Disability insurance: Preparing for the worst

If you had a crippling accident or were diagnosed with a critical illness tomorrow, would your family be able to cope?



From the December/January 2012 issue of the magazine.


janet_freedman_322Ten years ago, Janet Freedman was rushing out the door of her home for work. Her arms loaded with tax returns, she missed a step on the stairs on her front porch and fell, hitting her head on the concrete. When her neighbours found her, she was barely conscious, with her head trapped between her own front steps and those of the house next door.

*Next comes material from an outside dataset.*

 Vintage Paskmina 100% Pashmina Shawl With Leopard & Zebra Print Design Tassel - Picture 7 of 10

Paralyzed, with a partially severed spinal cord, it took more than six months of hospitalization and two years of intensive physiotherapy for Freedman to resume her life. She was unable to work and had no one to support her. “Thank goodness I had a good private disability insurance plan,” says Freedman, a certified financial planner and author of Hit by an Iceberg: Coping with Disability in Mid-Career. “Those payments allowed me to concentrate on my rehabilitation and to live my life without worrying about where the money was coming from for daily living expenses. That made a big difference to me and my recovery.”

While many of us understand the importance of life insurance, the truth is that insurance against an accident or disease that prevents you from working is arguably even more important. A typical 30-year-old has a four times greater chance of becoming disabled than he does of dying before age 65. A full one in six Canadians will be disabled for three months or more before the age of 50.

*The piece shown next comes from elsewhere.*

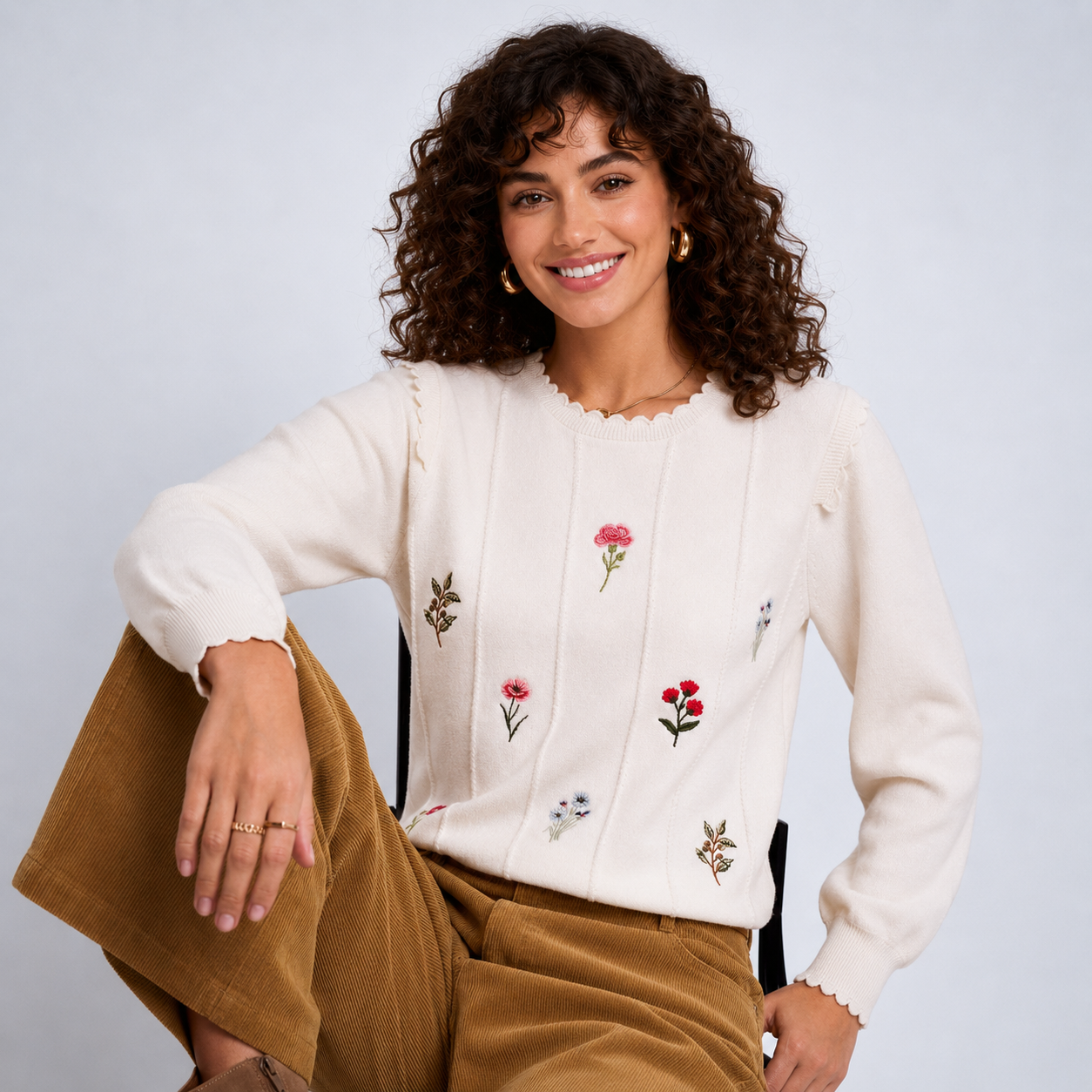  Floral Embroidery Long Sleeve Pullover Blouse Christmas Sweater For Women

There are two main options: long-term disability (LTD) and critical illness (CI) policies. Both pay you money in case of an illness or disability, but they do it different ways. Disability insurance provides a monthly income if you’re unable to work due to a serious injury or illness, while critical illness insurance pays out a tax-free lump sum payment following the diagnosis of one of several illnesses covered by your policy. So which one is right for you?

Regular pay if you can’t work

If you work for a large company, you likely already have some kind of long-term disability insurance. Typically, such a plan will pay you a set portion of your monthly income if you are unable to work. Payments end when you start working again, reach age 65, or die. Coverage differs greatly from one employer to another, and if you’re self-employed or you work for a smaller company, you may have no coverage at all.

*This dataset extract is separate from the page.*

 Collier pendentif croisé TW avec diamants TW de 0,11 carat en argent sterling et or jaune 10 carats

Such disability plans will either cover you for “any occupation” or “own occupation.” The latter is much better, because under this definition, total disability means the inability to work at your regular job. With “any occupation,” total disability means the ability to perform the duties of any job. That means that if you become disabled, but you could perform a less demanding job, you may not get the benefit. Often plans offer “own occupation” coverage for the first two years of the benefit period and then switch to “any occupation” after that.

To figure out whether you have enough coverage, contact your company’s HR department—if there is one—or your office manager. If you have coverage, ask them to walk you through your group benefits. If you find that your company plan covers at least 60% of your pay in the event of an accident or illness that prevents you from working, you likely have enough coverage. If you don’t have kids and your mortgage is paid off, you likely could get by on a policy that pays 40% to 50% or your salary. “Basically, you want enough coverage to meet your living expenses—meaning mortgage payments, taxes, hydro, food and transportation costs,” says Lorne Marr, an independent insurance broker and founder of LSM Insurance Services in Markham, Ont.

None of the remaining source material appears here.